Ainsi, sa programmation 2019-2020 se place sous le signe d'une saison napolitaine avec Luca Giordano pour une incursion dans la peinture baroque et une exposition-rétrospective inédite en France intitulée "Vincenzo Gemito - Le sculpteur de l'âme vénitienne" et présentée avec la collaboration du Museo Nazionale di Capodimonte à Naples consacrée à l'oeuvre d'un précurseur du vérisme, équivalent transalpin du naturalisme, qui émerge à la fin du 19ème siècle.

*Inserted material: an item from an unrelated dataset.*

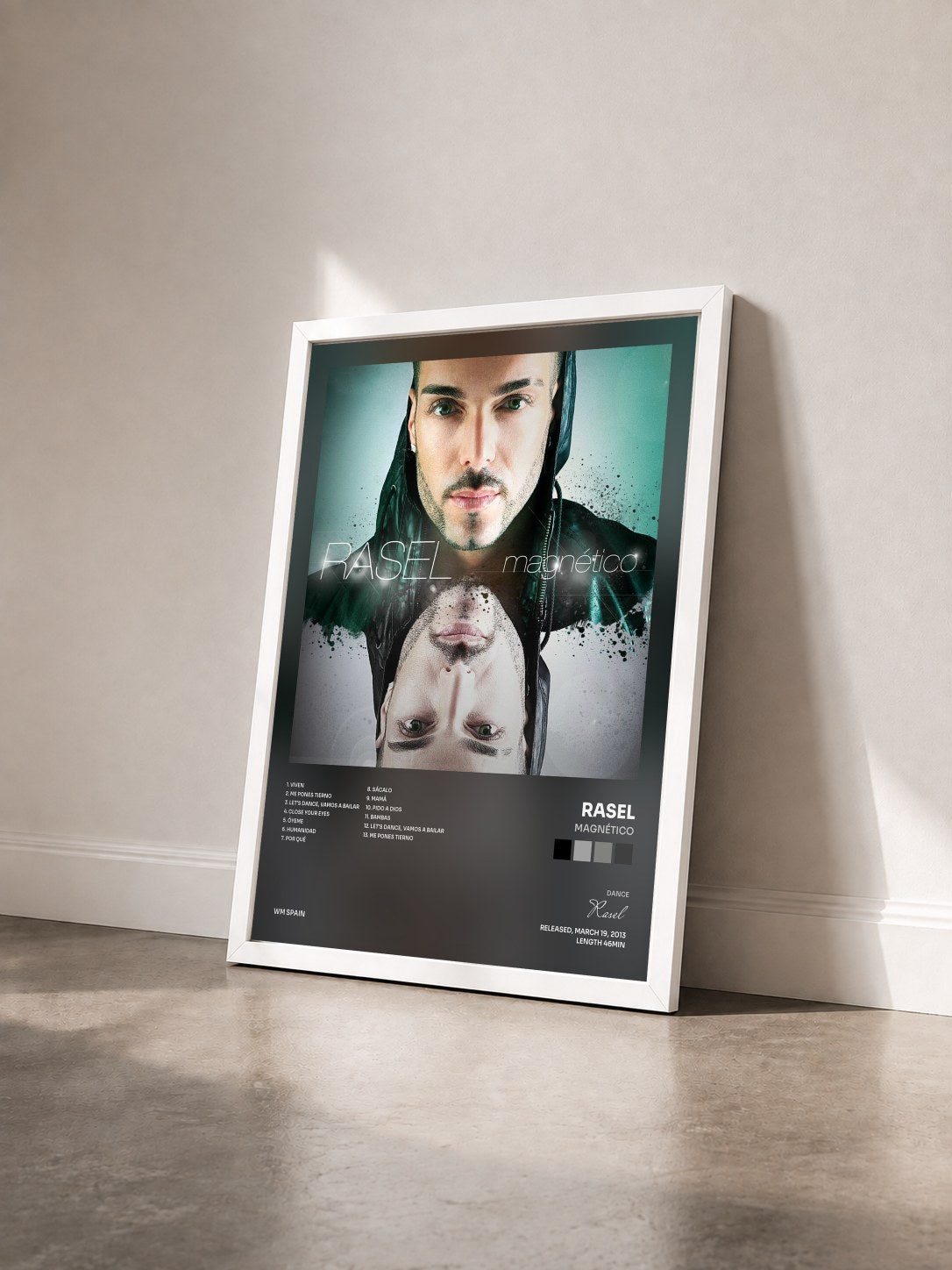 #blanc Tableau de l'album Magnético de Rasel vu de trois quarts, cadre blanc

Celles-si se déploient dans un parcours chronologique superbement scénographié par un jeu de lignes de fuite et des reproductions photographiques d'archives de de la topographie et de l'architecture de la cité génoise réalisée par le Studio Tovar/Alain Batifoulier et Simon de Tovar .
Vincenzo Gemito, du vérisme novateur au retour à l'antique en passant par le maniérisme
Génie précoce alors même que non issu du sérail artistique, mais toutefois non autodidacte car formé Académie des Beaux-arts de Naples, Vincenzo Gemito qui crée sa première oeuvre à l'adolescence "Le joueur de cartes" qui semble autofictionnel en ce qu'il représente un de ses homologues, enfant des rues qui qui lit son avenir dans les cartes.
Et à 25 ans, il accède à la notoriété par sa participation remarquée au Salon à Paris en 1877 puis à l’Exposition Universelle de 1878 en se démarquant de manière radicale de la statuaire académique par son traitement réaliste d'un thème connu, celui du pêcheur napolitain en bronze, dont est également présenté le plâtre préparatoire.
Ainsi qu'en atteste la mise en regard avec les oeuvres de sculpteurs français tel François Rude ("Jeune pêcheur napolitain jouant avec une tortue") et Jean-Baptiste Carpeaux ("Pêcheur napolitain à la coquille") qui ressortent à l'imagerie pittoresque résultant d'une construction culturelle.
Et Vincenzo Gemito inscrit son nom dans l'Histoire de l'art comme précurseur du vérisme, équivalent transalpin du naturalisme français, et dont la thématique de prédilection est celle de l'enfance avec des bustes grandeur nature en plâtre, des fillettes et garçonnets plébéiens.
Tels celui retenu pour l'affiche de la monstration et celui de la petite fille au voile retenu par les doigts évoquant une juvénile Madone, qui révèle, comme indiqué par jean-Louis Chamion, "un art tout en tendresse et vulnérabilité absolue"
Egalement soucieux de réussite et en quête de mécénat et de clientèle privée, il réalise les bustes de personnalités dont celles du monde artistique de son temps qui présentent une particularité significative de sa marque de fabrique, celle des bords déchirés,
Après des événements dramatiques dans sa vie privée et une altération de ses facultés mentales, Gemito poursuit son activité en reprenant ses sujets de prédilection dont le "Petit pêcheur sur un rocher" mais dans un style maniériste qui tend à la mièvrerie.
Certaines pièces - "Vénus", "Jeunesse de Neptune" - annoncent sa troisième période, celle du retour à l'antique qui correspond à une inflexion commune aux grands noms de la sculpture moderne, de Rodin, Giacometti et Bourdelle, illustrée pour ce dernier par une récente exposition dédiée en son musée ("Bourdelle et l'antique - Une passion moderne) sur le mode d'une exploration du patrimoine archaïque.
L'exposition permet également de constater le talent exceptionnel de dessinateur émérite de Gemito avec une belle sélection d'oeuvres graphiques dont le portrait des femmes aimées et ceux des enfants Bertolini pour lesquels les commissaires appellent l'attention sur leur résonance avec les tableaux du peintre Balthus. Une superbe exposition.